Most of our funders, including FMO Development Bank, Symbiotics and ResponsAbility are also passionate about supporting micro enterprises. We were able to mitigate credit risk to these sectors by being hands-on and staying close to our clients while providing an opportunity for them to access a full array of banking services.

MC: What conditions are needed for the micro-finance industry to thrive in Zimbabwe given the uncertain economic conditions?

SM: The country has already covered significant ground in providing an enabling environment for micro entrepreneurs and micro-finance institutions. Mobile banking is one of the key channels that have enabled micro entrepreneurs to efficiently do business as they have no time to go to the bank to transact while leaving their business stations unmanned.

The Reserve Bank has also put in place various funds which micro-finance institutions can access and on-lend to their customers for various purposes like agriculture, small-scale mining and manufacturing. One of the key areas that still require urgent attention is to access markets for SME products in order to secure competitive prices.

MC: What would be your comment on asset finance in Zimbabwe? What were the challenges you faced in this industry?

SM: ACL is still very active in the asset finance space as this remains our core business. As you may be aware, most equipment is imported. The critical shortage of foreign exchange facing the country has resulted in a slowdown in the asset finance business.

MC: Your results show an non-performing loan ratio of less than 1% when many entities have been struggling to attain such low numbers. How have you managed to keep the ratio so low?

SM: ACL stays very close to its clients and has a robust information communication technology system which enables it to manage its lease book while communicating effectively with clients when their instalments fall due.

MC: What are your prospects for the loan book in full-year 2020?

SM: Due to the negative impact of Covid-19 on the economy, it is now unlikely that we are going to meet our loan book targets. However, we continue to underwrite business with a strong bias towards the productive sector.

MC: You indicate that cost discipline remains key in sustaining bank operations in the outlook period. How do you intend to balance the high inflationary environment and managing costs?

SM: ACL has traditionally maintained a very lean structure and this has helped in maintaining costs. The bank is on a drive to go paperless, which will help cut down significantly on printing and stationery costs. The goal is to automate most processes and avoid costly labour-intensive manual processes.
MC: You had been saddled with a US$14,3 million foreign debt which you have offloaded to the central bank. What are the conditions that you have set to ensure that ACL will not accumulate such debts in the near future?
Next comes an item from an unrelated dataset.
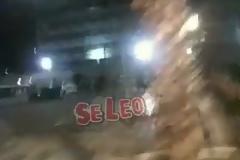 Νυχτερινή εισβολή των ΜΑΤ στο Αριστοτέλειο Πανεπιστήμιο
SM: ACL has maintained a very good relationship with its foreign funders who are still very keen to support the business once the economic conditions improve. We believe that current economic challenges facing the country will be resolved and ACL will again be able to raise foreign lines of credit.

MC: How do you see your balance sheet going forward now that you have no legacy debts?

SM: The resolution of legacy debt will make it easier for the bank to raise both debt and equity funding as we focus on the growth of the business.
MC: You spoke of widening your funding base, what other new initiatives are in the pipeline to realise your objective?
SM: The bank is talking to a number of institutional investors for debt funding. The bank is also expecting a capital injection from the main shareholder. We intend to issue a leasing bond by year-end.

MC: What is your outlook for turnover and loan book size?

SM: The environment is quite challenging and projections are very difficult to put forward. However, the bank is still disbursing loans to selected companies in the productive sector and we remain optimistic that our economy will turn around on the strength of the abundant natural resources that this country is endowed with.